Un’esperienza di vita in una baraccopoli di Nairobi
Alessio Carbone, ex primo ballerino dell’Opera di Parigi, ha vissuto un’esperienza straordinaria in una baraccopoli di Nairobi, dove ha insegnato danza classica a quaranta ragazzi in difficoltà. L’ex étoile, che ha lasciato le scene a ridosso della pandemia, ha deciso di dedicarsi a nuovi progetti, tra cui la produzione di spettacoli e la promozione della danza in contesti difficili.
Carbone ha collaborato con Still I Rise, un’organizzazione che offre Scuole d’eccellenza per bambini disagiati in varie parti del mondo, per portare l’armonia e la bellezza della danza a Mathare, uno degli slum più poveri e problematici della capitale keniana.
“Vivendo, mangiando e dormendo con loro, prima ancora di insegnare evoluzioni improbabili per quella realtà, ho trovato sogni, purezza e voglia di riscatto. E alla fine è più quello che ho imparato di quel che ho cercato di trasmettere attraverso la danza”, ammette Carbone.
Still I Rise: una scuola di eccellenza in un contesto di povertà
Still I Rise ha creato una realtà unica a Mathare, una scuola di eccellenza che offre gratuitamente il percorso del baccalaureato internazionale, un’opportunità che solo lo 0,1% dei bambini privilegiati della Terra può permettersi. L’obiettivo è formare giovani che, pur essendo nati in contesti di povertà, possano diventare il futuro del Kenya e non solo.
Come nella danza ci si muove, si vola, si cade e si rinasce, per Carbone, l’esperienza di Nairobi è solo un nuovo punto di partenza.
Un futuro di speranza per i ragazzi di Mathare
Carbone è orgoglioso di aver aperto questa porta necessaria con Still I Rise. L’esperienza ha lasciato un segno profondo nell’ex ballerino, che ha vissuto in prima persona la gioia e la speranza dei ragazzi di Mathare.
“Ho ancora negli occhi il saluto dei ragazzi, l’improvvisato saggio e la festa dell’ultimo giorno, lo smarrimento del mio “ballerino” preferito che era stato portato lì da un orfanotrofio e non aveva nessuno che lo venisse a riprendere”, racconta Carbone.
L’ex étoile, che ha tre figli, ha condiviso l’esperienza con loro attraverso videochiamate, permettendo loro di interagire con i ragazzi di Mathare.
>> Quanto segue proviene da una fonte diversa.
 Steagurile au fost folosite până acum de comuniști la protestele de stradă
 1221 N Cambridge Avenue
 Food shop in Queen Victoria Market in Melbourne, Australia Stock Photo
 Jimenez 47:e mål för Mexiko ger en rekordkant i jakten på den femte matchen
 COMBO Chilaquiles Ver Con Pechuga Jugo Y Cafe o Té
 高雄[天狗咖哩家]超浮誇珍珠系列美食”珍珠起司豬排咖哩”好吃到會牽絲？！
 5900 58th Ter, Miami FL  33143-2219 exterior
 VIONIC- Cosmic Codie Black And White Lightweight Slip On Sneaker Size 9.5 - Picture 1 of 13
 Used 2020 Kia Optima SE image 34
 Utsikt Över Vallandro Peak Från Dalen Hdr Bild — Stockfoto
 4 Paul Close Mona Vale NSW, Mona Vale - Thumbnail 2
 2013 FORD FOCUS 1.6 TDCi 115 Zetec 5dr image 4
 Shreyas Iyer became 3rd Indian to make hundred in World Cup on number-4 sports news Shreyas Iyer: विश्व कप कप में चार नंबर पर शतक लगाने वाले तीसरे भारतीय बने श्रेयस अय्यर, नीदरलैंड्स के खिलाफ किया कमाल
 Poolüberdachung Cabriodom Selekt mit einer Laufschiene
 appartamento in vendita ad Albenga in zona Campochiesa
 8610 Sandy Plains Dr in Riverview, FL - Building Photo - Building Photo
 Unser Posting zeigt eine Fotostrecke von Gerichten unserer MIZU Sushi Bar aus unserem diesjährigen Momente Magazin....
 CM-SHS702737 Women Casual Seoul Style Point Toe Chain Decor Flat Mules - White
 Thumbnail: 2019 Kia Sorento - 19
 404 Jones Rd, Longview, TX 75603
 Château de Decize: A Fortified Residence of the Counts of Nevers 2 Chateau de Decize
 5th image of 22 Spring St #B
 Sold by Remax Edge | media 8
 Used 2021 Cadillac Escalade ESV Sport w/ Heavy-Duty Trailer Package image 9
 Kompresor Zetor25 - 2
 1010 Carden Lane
Carbone ha in mente di portare i suoi figli a vivere l’emozionante esperienza a cui ha avuto il privilegio di prendere parte.
Un’esperienza di vita e di crescita
L’esperienza di Alessio Carbone a Mathare è un esempio di come la danza può essere uno strumento di crescita e di speranza, anche in contesti di povertà e difficoltà. Carbone ha dimostrato che la danza può essere un linguaggio universale, capace di superare le barriere culturali e sociali. La sua esperienza è un’ispirazione per tutti coloro che credono nel potere trasformativo dell’arte.